HOW TO COMPLETE THIS TASK — Extract the full set of records, then give each one again exactly.

== Segment start ==

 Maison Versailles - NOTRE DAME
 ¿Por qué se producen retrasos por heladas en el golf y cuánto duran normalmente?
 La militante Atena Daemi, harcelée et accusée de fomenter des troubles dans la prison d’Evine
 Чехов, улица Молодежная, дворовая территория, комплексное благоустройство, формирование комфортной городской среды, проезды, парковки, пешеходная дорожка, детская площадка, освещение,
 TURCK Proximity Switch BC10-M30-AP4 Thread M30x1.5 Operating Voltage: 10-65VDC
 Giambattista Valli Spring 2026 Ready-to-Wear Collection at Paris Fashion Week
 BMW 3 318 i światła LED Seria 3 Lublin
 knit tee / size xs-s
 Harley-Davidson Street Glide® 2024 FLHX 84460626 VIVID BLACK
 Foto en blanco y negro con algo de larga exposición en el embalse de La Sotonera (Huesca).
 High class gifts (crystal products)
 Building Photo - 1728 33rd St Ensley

== Segment end ==

ANSWER TO THIS TASK —
 Maison Versailles - NOTRE DAME
 ¿Por qué se producen retrasos por heladas en el golf y cuánto duran normalmente?
 La militante Atena Daemi, harcelée et accusée de fomenter des troubles dans la prison d’Evine
 Чехов, улица Молодежная, дворовая территория, комплексное благоустройство, формирование комфортной городской среды, проезды, парковки, пешеходная дорожка, детская площадка, освещение,
 TURCK Proximity Switch BC10-M30-AP4 Thread M30x1.5 Operating Voltage: 10-65VDC
 Giambattista Valli Spring 2026 Ready-to-Wear Collection at Paris Fashion Week
 BMW 3 318 i światła LED Seria 3 Lublin
 knit tee / size xs-s
 Harley-Davidson Street Glide® 2024 FLHX 84460626 VIVID BLACK
 Foto en blanco y negro con algo de larga exposición en el embalse de La Sotonera (Huesca).
 High class gifts (crystal products)
 Building Photo - 1728 33rd St Ensley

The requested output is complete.